How can we even extract anything within that delta? How does that even work? I feel like I'm missing some basic calculus here, but can't find anything in my textbooks or google.

(those "L"s are supposed to be Lagrangian densities, I just don't know the curly script for L in latex)

 

[TysonM8]

This appears to be an application of the reverse product rule. Starting from the second step and working backwards;

$-∂_{μ}( \frac{∂L}{∂(∂_{μ}\phi)}) δ(\phi) + ∂_{μ} (\frac{∂L}{∂(∂_{μ}\phi)} δ(\phi)) = -∂_{μ}( \frac{∂L}{∂(∂_{μ}\phi)}) δ(\phi) + ∂_{μ}( \frac{∂L}{∂(∂_{μ}\phi)}) δ(\phi) + \frac{∂L}{∂(∂_{μ}\phi)} ∂_{μ}(δ(\phi))$

$= \frac{∂L}{∂(∂_{μ}\phi)} ∂_{μ}(δ(\phi))$

I'm not sure about this last step...

$= \frac{∂L}{∂(∂_{μ}\phi)} δ(∂_{μ}\phi)$

Hmm, I understand it's the last step you don't understand. Well it must be valid if the derivation is correct.

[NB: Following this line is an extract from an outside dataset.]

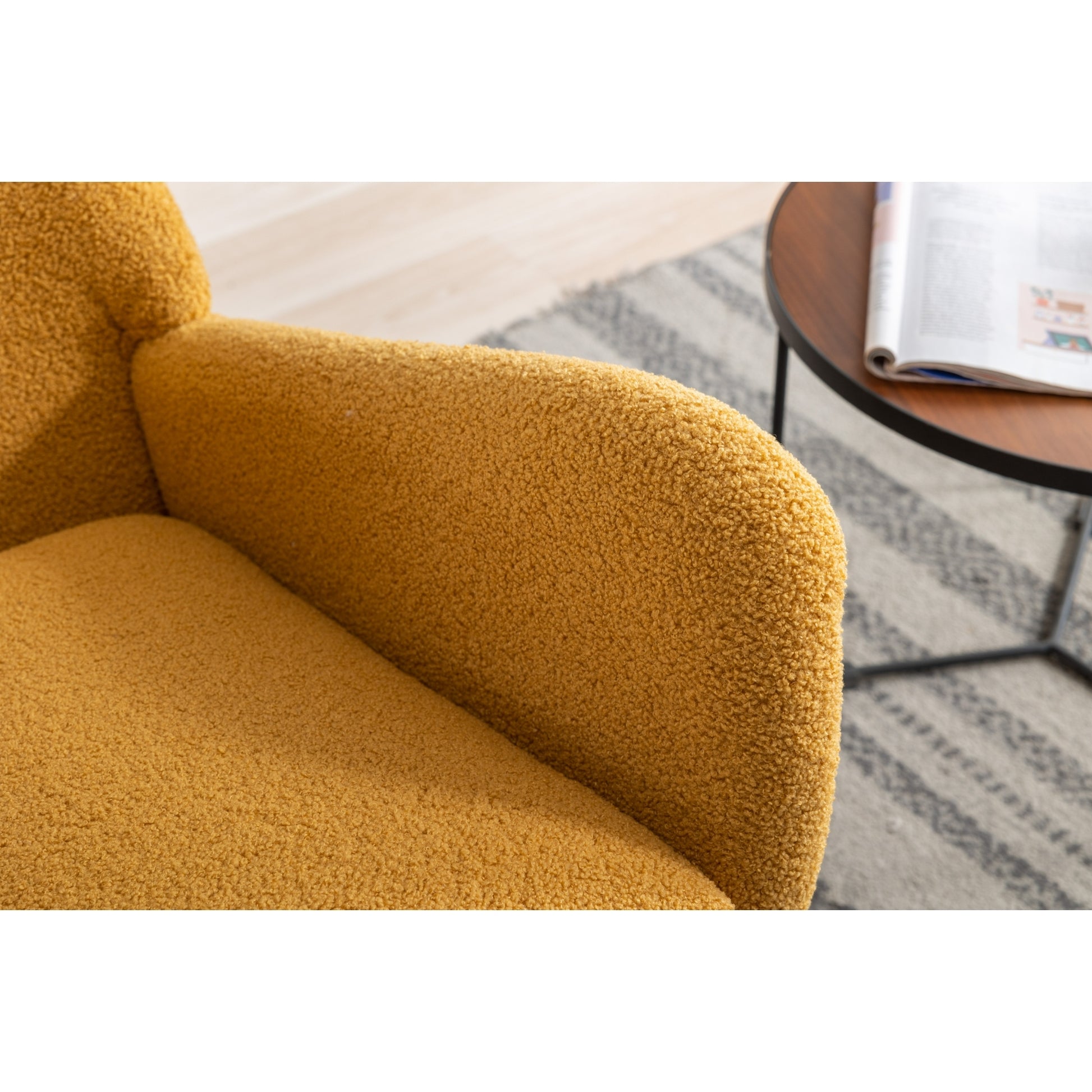 35.5 Inch Rocking Chair With Pocket, Soft Teddy Fabric Rocking Chair For Nursery, Comfy Wingback Glider Rocker With Safe Solid Wood Base For Living Room Bedroom Balcony Turmeric Yellow Casual Foam Teddy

You'll just have to figure out why;

$∂_{μ}(δ(\phi)) = δ(∂_{μ}\phi)$

Sorry I can't help with that, I don't know anything about classical field theory or the Euler-Lagrange equations.

 

[muzialis]

Let me preface I know very little about Field Theory, so please take my reply with caution.
On the other hand, the step in question seems to me stemming from basic calculus of variations (but care needs to be exterted as there are different definitions of variations around).
If you search under "commutative rule" (i.e. on the property of certain variations to commute, i.e. the variation of the velocity is equal to the time-derivative of the variation, for example in classical mechanics) in Calculus of variations you will find relevant material.